Figure 12.1 shows three plots from the coffee dataset in the package pgmm. There are 43 coffees of two varieties, Arabica and Robusta, and the Robusta coffees are marked in red. The barchart shows how many coffees of each type there are, and that the great majority are Arabica. The parallel coordinate plot shows that there are several variables on which the two types differ and that the differentiation is particularly obvious on the variables Fat and Caffine [sic]. Finally, the scatterplot of those two variables confirms the main conclusion drawn from the pcp and presents it more definitively. In principle, all the information in the three graphics can be seen in the pcp. In practice, the barchart and scatterplot are valuable for emphasising the conclusions.

Figure 12.1

Figure showing an ensemble of plots of the coffee dataset. Most coffees are of type Arabica (barchart). The Robusta variety coffees, coloured red in all three plots, are clearly different from the Arabica ones on two variables and fairly different on two others (pcp). The Robusta coffees have high levels of Caffine [sic] and low levels of Fat (scatterplot).

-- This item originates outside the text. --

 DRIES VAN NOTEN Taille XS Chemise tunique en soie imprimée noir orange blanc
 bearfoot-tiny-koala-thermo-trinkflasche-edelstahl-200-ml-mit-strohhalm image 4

An ensemble of plots of the coffee dataset. Most coffees are of type Arabica (barchart). The Robusta variety coffees, coloured red in all three plots, are clearly different from the Arabica ones on two variables and fairly different on two others (pcp). The Robusta coffees have high levels of Caffine [sic] and low levels of Fat (scatterplot).

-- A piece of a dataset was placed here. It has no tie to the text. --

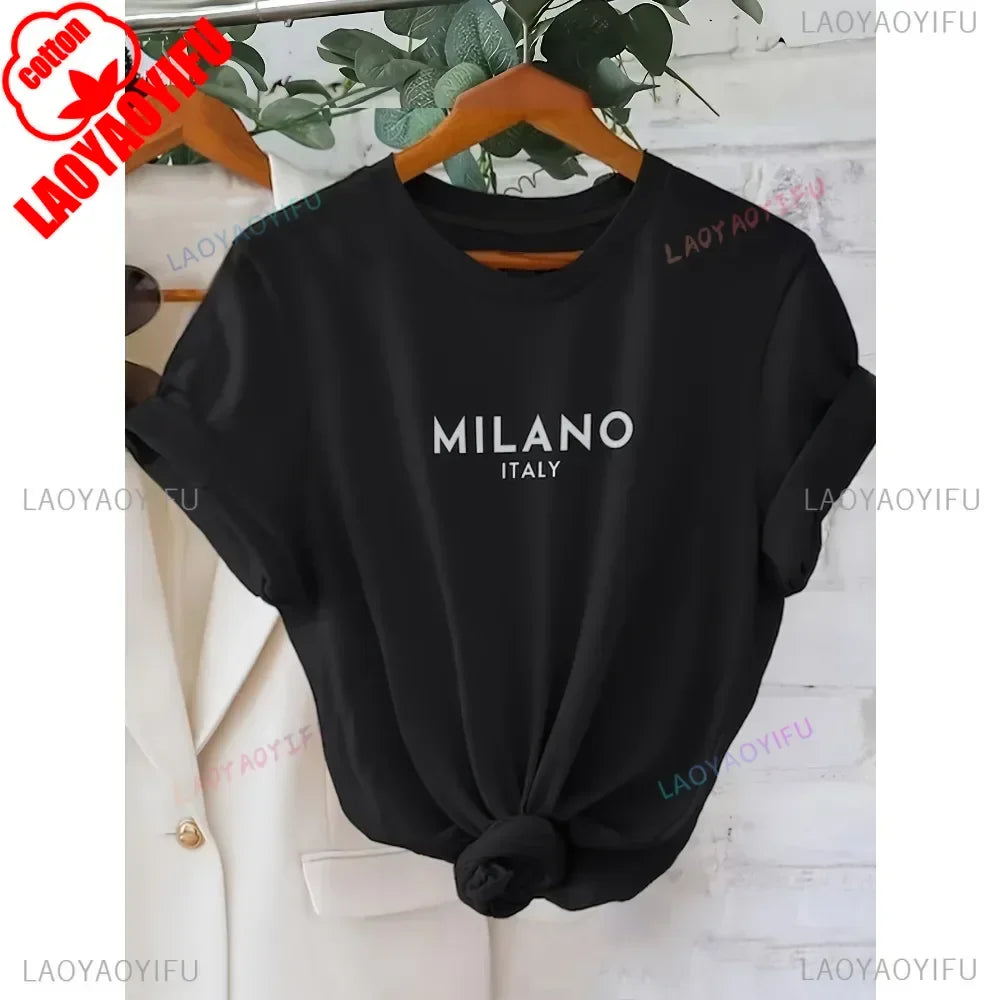 T-shirt col rond imprimé lettres Milano Italie, décontracté, manches courtes, pour femme, printemps-été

The code for Figure 12.1 is involved. Some of it is to specify the colours, some to reduce the amount of labelling, and some to draft the layout. The most important component of the pcp plot is the use of order to ensure that the lines for the group of interest are plotted on top of the lines for the rest of the data. Note that the spatial arrangement of the graphics and using a consistent style for them are just as important as the drawing of the individual graphics. For presentation you have to think of graphics as part of a story, not in isolation.

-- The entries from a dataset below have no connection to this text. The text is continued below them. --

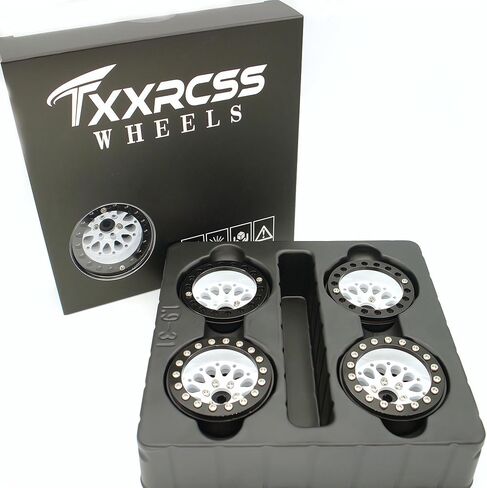 1.9 Beadlock Wheels Rims -156g Super Huffy Deep Deats عرض 32 مم لـ RC 1/10 Crawler TRX4 SCX10 GEN8 ترقيات SCX10 الإكسسوارات الترقية (White & Black) in Kuwait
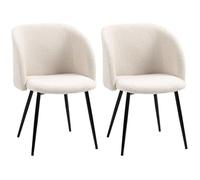 HOMCOM Lot de 2 chaises de salon chaise salle à manger avec dossier en tissu pieds en acier 55 x 62 x 80 cm beige noir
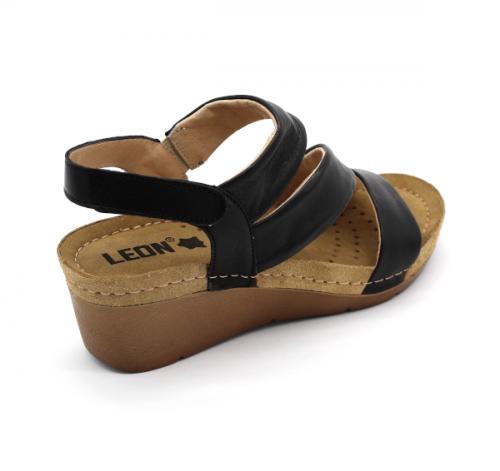 Leon 1020 Zdravotné celokožené sandále - Čierna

data(coffee, package="pgmm")
coffee <- within(coffee, Type <- ifelse(Variety==1,
       "Arabica", "Robusta"))
names(coffee) <- abbreviate(names(coffee), 8)
a <- ggplot(coffee, aes(x=Type)) + geom_bar(aes(fill=Type)) +
    scale_fill_manual(values = c("grey70", "red")) + 
    guides(fill=FALSE) + ylab("")
b <- ggplot(coffee, aes(x=Fat, y=Caffine, colour=Type)) +
    geom_point(size=3) +
    scale_colour_manual(values = c("grey70", "red"))
c <- ggparcoord(coffee[order(coffee$Type),], columns=3:14,
   groupColumn="Type", scale="uniminmax",
   mapping = aes(size = 1)) +
   xlab("") + ylab("") +
   theme(legend.position = "none") +
   scale_colour_manual(values = c("grey","red")) +
   theme(axis.ticks.y = element_blank(),
   axis.text.y = element_blank())
grid.arrange(arrangeGrob(a, b, ncol=2, widths=c(1,2)),
     c, nrow=2)

To get a feeling for an exploratory analysis, think about how you might take a first look at the coffee dataset. Everyone will draw their own set of initial graphics, possibly including some of the following. You have to open a new graphics device for each new plot (e.g., with dev.new()) or earlier ones will just be overwritten. Not all of these graphics are nice to look at, although they can be improved by resizing the windows appropriately and you can then better gain information from them.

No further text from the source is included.